音楽に言葉は要らない、というけれど。
確かに「(これ、いいよね)」と、音を通して心を通わせることもある。というか、そういうものだけれど。
しかし、教えるってのはそれだけではいけない。どうしてこれが素晴らしいのか、ちゃんと言葉で説明しなくてはいけない。しかも私がしているのは分析の授業。本来は比喩すら使ってはいけないのかもしれないが、しかしそこはこちら楽師、学者じゃない。
それでも、難しい。ふさわしい「言葉」を見つけられない限り、自分の気持ちは空転し、生徒に伝わることはない。先々週のシューベルト:ピアノ三重奏曲D929第2楽章の授業はまさにそうだった。生徒に演奏させながらの授業なので形にはなるのだが・・
あんなに素晴らしい音楽!ベートーヴェンの一周忌に公開演奏されたこの曲が「見よ、太陽が沈むのを」の歌だけでなく、「英雄」(とその葬送)との強い音楽的関連を持っていることに気づいたのはよかったと思う。しかし、まったく言葉が足りなかった。

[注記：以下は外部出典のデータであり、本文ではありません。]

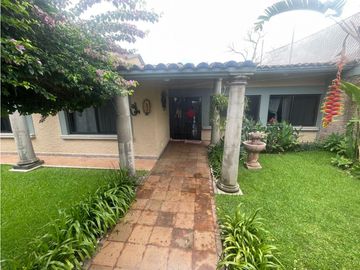 Venta de Casa, Fracc Las Fincas, Jiutepec Morelos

さて、先週。この作品の2、4楽章だったのだが、前日になって演奏者がキャンセルになり、1対60の逃げ場のない1時間半に。ああ、こういう巡りあわせだよな、いつも。
結果、災い転じたかはわからないが、ともかく自分を思い出した。そういえば、ぼくはいつも80点が取れる人じゃなかった。いつも30点、40点だけど、たまに258点とかになるんだった。